__TASK DIRECTIONS__
For the entries below, the result should be an exact transcription of the lines from the one with "Kỷ Nguyên Kỳ Lạ Chapter 500 - 132" up to and including the one with "Condo for sale in Austin, Texas", and only those.

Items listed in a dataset
↓
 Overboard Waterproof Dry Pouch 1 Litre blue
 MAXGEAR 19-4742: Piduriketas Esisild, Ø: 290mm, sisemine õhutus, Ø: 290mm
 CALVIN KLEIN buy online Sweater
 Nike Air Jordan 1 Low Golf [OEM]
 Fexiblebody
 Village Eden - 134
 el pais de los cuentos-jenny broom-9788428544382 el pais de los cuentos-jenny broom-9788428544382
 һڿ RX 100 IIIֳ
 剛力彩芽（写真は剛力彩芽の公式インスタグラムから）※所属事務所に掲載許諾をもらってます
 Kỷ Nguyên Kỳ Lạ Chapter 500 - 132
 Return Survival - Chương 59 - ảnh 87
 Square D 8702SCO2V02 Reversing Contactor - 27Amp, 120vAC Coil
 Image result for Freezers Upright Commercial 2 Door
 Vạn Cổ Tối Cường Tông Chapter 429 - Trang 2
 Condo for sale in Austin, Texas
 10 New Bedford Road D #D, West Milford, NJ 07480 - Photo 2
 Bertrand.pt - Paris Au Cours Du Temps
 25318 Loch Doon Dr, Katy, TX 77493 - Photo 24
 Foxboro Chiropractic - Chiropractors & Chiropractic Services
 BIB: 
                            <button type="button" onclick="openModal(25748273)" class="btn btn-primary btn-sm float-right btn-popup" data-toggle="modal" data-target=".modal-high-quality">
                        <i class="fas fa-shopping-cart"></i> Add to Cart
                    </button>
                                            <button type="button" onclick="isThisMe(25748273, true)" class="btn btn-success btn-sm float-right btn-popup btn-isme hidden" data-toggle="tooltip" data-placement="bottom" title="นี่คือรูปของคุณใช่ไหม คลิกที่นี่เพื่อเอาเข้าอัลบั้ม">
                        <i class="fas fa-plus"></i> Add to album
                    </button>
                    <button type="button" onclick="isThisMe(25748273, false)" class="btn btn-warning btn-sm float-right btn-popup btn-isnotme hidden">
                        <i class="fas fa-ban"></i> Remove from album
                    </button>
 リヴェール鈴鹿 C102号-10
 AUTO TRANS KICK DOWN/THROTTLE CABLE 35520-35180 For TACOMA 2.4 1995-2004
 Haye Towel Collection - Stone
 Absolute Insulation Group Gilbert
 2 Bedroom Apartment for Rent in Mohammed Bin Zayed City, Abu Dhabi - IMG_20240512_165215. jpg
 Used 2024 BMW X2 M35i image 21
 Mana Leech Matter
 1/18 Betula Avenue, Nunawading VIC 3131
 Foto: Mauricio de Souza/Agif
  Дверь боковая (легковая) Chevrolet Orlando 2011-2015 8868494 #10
↑
__FINISHED TASK__
 Kỷ Nguyên Kỳ Lạ Chapter 500 - 132
 Return Survival - Chương 59 - ảnh 87
 Square D 8702SCO2V02 Reversing Contactor - 27Amp, 120vAC Coil
 Image result for Freezers Upright Commercial 2 Door
 Vạn Cổ Tối Cường Tông Chapter 429 - Trang 2
 Condo for sale in Austin, Texas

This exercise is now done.